Ngakma Nor’dzin’s training in meditation began three decades ago under the guidance of Tibetan teachers, culminating in her ordination into the non-monastic tradition of Nyingma Tibetan Buddhism. She is, in fact, the first Western woman to achieve such a distinction. She and her husband, Ngakpa ’ö-Dzin Tridral, have run a local meditation group for more than twenty years. And this is how she starts this book–with a meditation group. Her concern with bringing the presence of meditation to a wider audience is clear. She believes that “[i]f everyone meditated for a few minutes every day, the world would be a more peaceful and friendlier place”.
Nor’dzin begins Relaxing into Meditation with relaxation and breathing techniques specifically aimed at creating relaxation of the body and calmness of mind before embarking on a description of meditation practices which may be more demanding. As she believes that it is preferable to have obtained some relief from pain before beginning meditation, she starts the book with relaxation techniques to allow us to arrive at a starting point for meditation. She advocates using an aural guided narration to facilitate one’s progress through the various exercises that she describes.

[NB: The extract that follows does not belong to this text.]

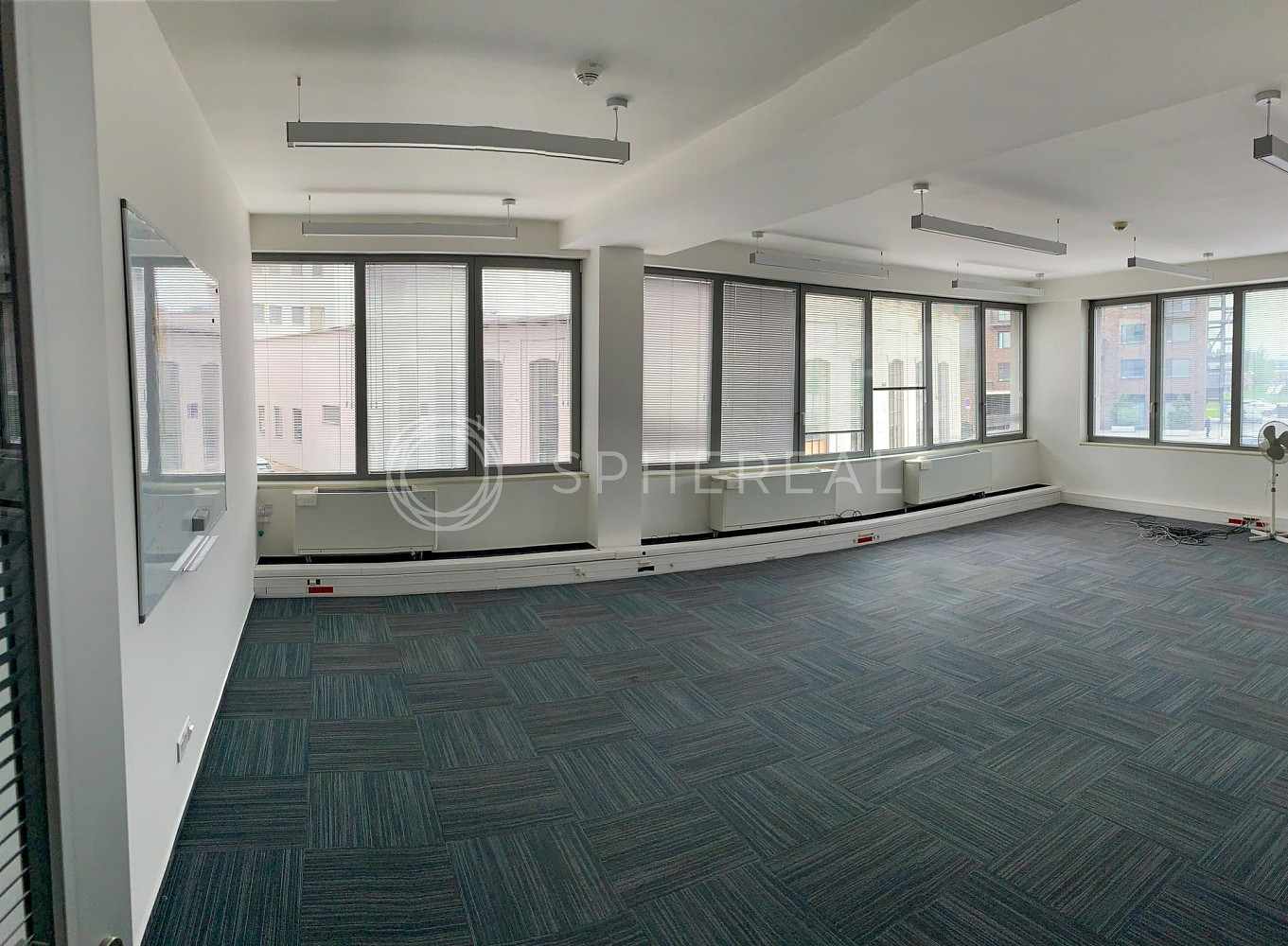 Pronájem kanceláře 397 m² — photo 3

Nor’dzin’s teaching background is clearly evident throughout the text in the systematic and logical way in which she presents her material. Each chapter starts with a description of the meditation group performing the activity which she then goes on to describe. Before explaining how to practice the technique, she discusses the importance and relevance of doing so. Nor’dzin also advises one on how to cope with any difficulties that one encounters with the exercise. Her years of experience with teaching others in small group settings, as well as individually, have enabled her to gain insight into what difficulties these might be, and she has evolved ways of dealing with any such problems, which she shares with us, her readers. Although she writes about a subject that others have been prone to mystify and deliberately, it often seems, obscure, she writes in such an accessible and approachable way that you are drawn to listen avidly to what she has to say. She is, in fact, overwhelmingly kind and gentle in her approach, so that, no matter your age or background, you are likely to be comforted and inspired by her work.

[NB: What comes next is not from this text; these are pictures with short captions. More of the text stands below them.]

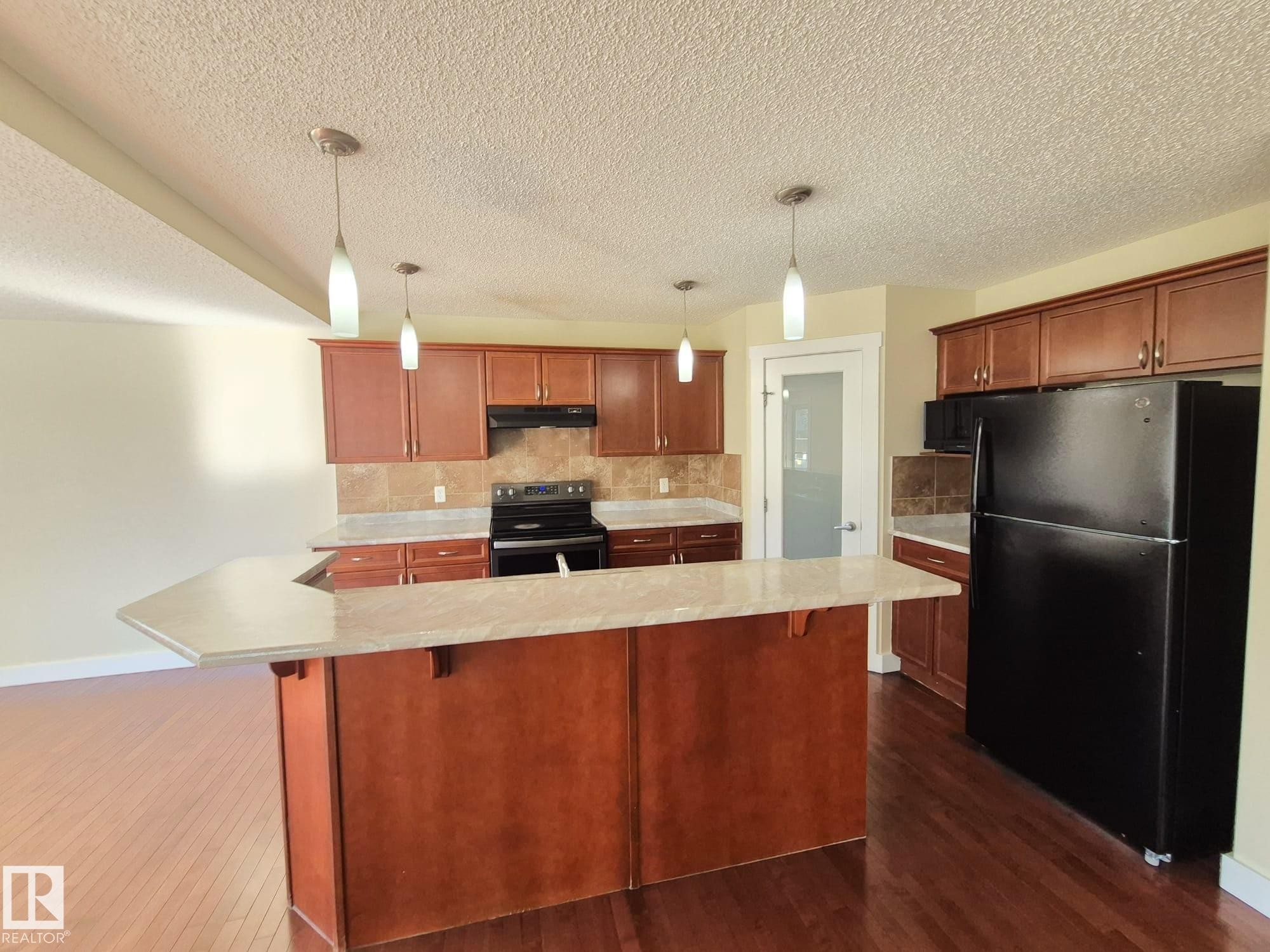 












8361 shaske Crescent

,
Edmonton,




AB
T6R 0B4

Relaxing into Meditation is well illustrated with line drawings throughout, and ends with a glossary, which expands on some of the more unusual terms to be found in the text, though such terms are relatively few, and an easy-to-read index. As someone who is only now, in her mid-fifties, starting to become more aware of how to treat herself and her own body with kindness, I can definitely recommend the timely wisdom of this book. No matter your age, do consider acquiring a copy for yourself–it should be well worth it.